◆ WHAT IS REQUIRED ◆
What you need to produce from the material below is an exact transcription of the lines from the one with "Holiday Inn Express" through the one with "Toyota Camry VIII", both included, and no other line.

◆ RECORDS PROVIDED ◆
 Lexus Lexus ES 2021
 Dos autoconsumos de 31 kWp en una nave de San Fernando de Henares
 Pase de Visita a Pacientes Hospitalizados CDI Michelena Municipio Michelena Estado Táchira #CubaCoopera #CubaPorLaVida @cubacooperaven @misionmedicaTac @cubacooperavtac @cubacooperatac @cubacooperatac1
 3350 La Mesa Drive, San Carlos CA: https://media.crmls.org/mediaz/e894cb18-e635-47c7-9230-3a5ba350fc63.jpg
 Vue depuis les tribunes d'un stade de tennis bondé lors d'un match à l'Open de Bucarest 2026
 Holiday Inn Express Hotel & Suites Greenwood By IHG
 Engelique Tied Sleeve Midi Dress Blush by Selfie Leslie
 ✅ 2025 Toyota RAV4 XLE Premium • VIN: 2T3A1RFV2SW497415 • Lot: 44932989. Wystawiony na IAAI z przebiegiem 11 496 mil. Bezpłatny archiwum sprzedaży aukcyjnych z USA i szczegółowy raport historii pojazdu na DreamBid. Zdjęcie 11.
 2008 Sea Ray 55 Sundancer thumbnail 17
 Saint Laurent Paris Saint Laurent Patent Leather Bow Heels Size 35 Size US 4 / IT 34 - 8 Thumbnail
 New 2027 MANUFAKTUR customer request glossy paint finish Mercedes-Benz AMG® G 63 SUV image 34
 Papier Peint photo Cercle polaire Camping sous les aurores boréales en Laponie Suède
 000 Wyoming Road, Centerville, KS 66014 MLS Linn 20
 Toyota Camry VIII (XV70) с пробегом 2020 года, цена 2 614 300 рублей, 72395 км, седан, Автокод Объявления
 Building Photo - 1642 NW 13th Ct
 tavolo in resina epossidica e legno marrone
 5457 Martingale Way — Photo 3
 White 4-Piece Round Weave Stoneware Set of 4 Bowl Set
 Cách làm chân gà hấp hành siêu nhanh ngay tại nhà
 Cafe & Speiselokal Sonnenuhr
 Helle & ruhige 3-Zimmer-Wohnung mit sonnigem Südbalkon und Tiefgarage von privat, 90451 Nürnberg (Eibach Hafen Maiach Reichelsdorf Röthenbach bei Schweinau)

◆ ANSWER TO THIS TASK ◆
 Holiday Inn Express Hotel & Suites Greenwood By IHG
 Engelique Tied Sleeve Midi Dress Blush by Selfie Leslie
 ✅ 2025 Toyota RAV4 XLE Premium • VIN: 2T3A1RFV2SW497415 • Lot: 44932989. Wystawiony na IAAI z przebiegiem 11 496 mil. Bezpłatny archiwum sprzedaży aukcyjnych z USA i szczegółowy raport historii pojazdu na DreamBid. Zdjęcie 11.
 2008 Sea Ray 55 Sundancer thumbnail 17
 Saint Laurent Paris Saint Laurent Patent Leather Bow Heels Size 35 Size US 4 / IT 34 - 8 Thumbnail
 New 2027 MANUFAKTUR customer request glossy paint finish Mercedes-Benz AMG® G 63 SUV image 34
 Papier Peint photo Cercle polaire Camping sous les aurores boréales en Laponie Suède
 000 Wyoming Road, Centerville, KS 66014 MLS Linn 20
 Toyota Camry VIII (XV70) с пробегом 2020 года, цена 2 614 300 рублей, 72395 км, седан, Автокод Объявления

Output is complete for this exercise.